**What to do**
Before printing the listing, strip out its pictures and keep everything else exact.

**Data section**
---
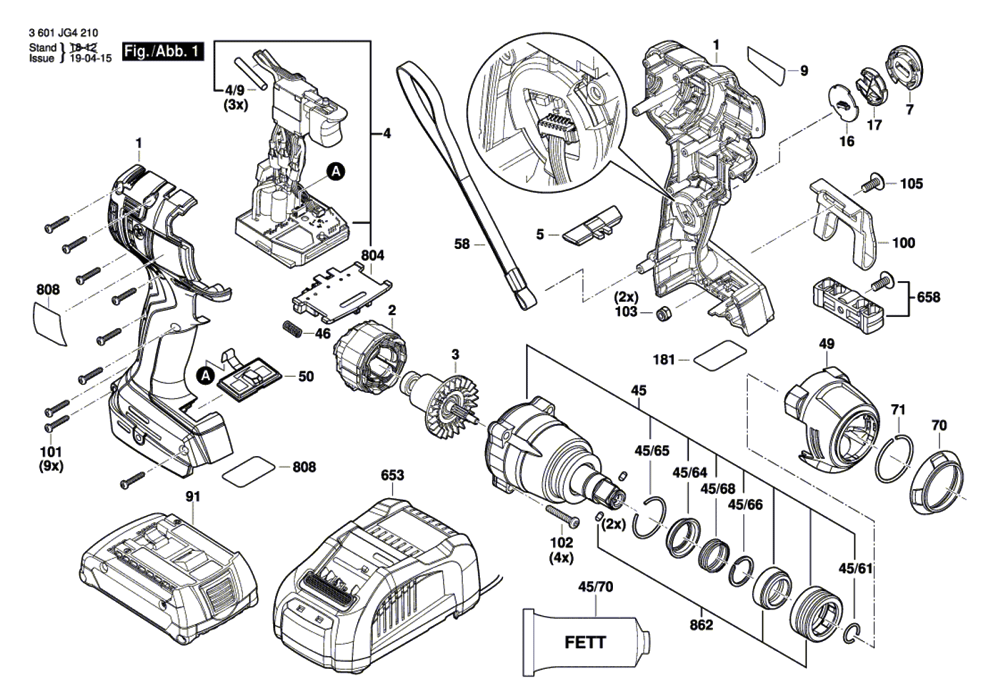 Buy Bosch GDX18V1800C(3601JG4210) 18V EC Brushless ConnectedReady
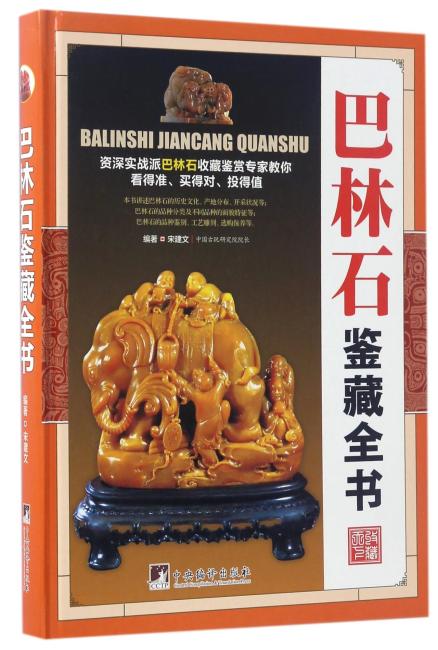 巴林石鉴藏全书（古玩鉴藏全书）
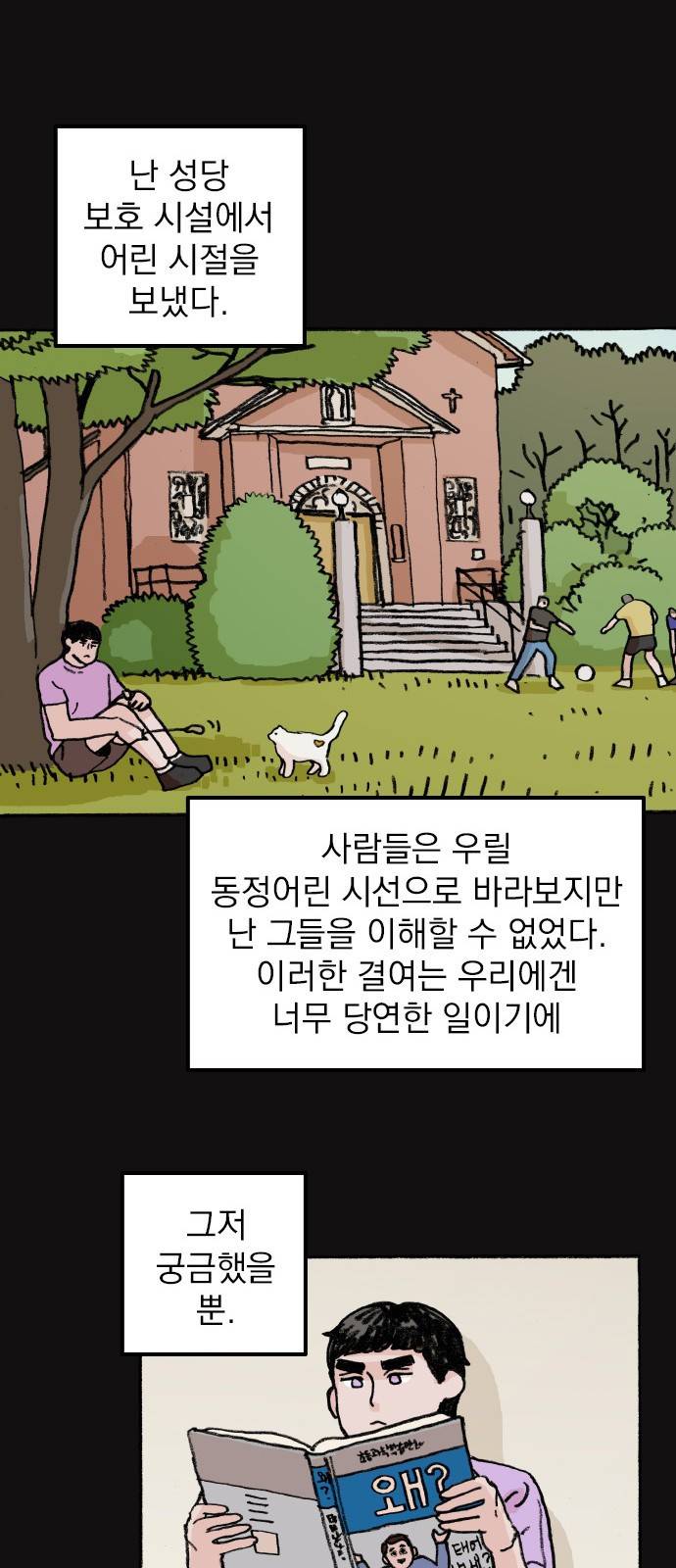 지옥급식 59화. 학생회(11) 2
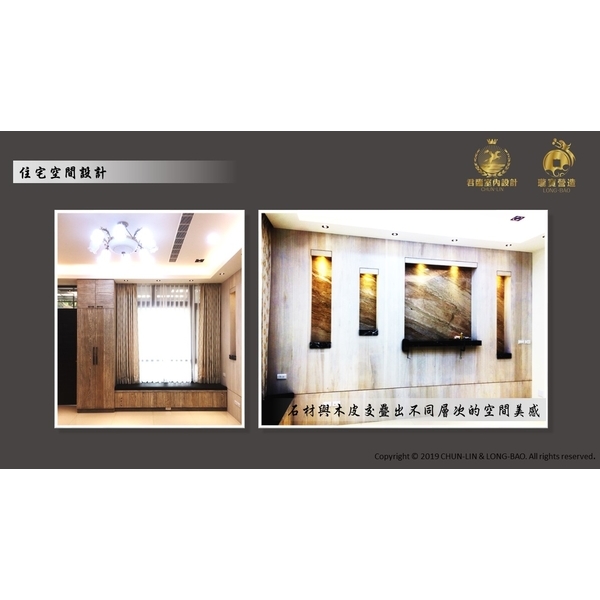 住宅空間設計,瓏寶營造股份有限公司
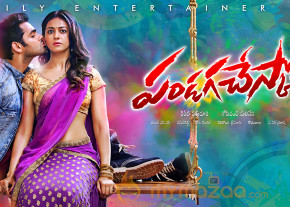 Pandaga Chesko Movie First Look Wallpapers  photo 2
---
**Answer to this problem**
 Buy Bosch GDX18V1800C(3601JG4210) 18V EC Brushless ConnectedReady
 巴林石鉴藏全书（古玩鉴藏全书）
 지옥급식 59화. 학생회(11) 2
 住宅空間設計,瓏寶營造股份有限公司
 Pandaga Chesko Movie First Look Wallpapers  photo 2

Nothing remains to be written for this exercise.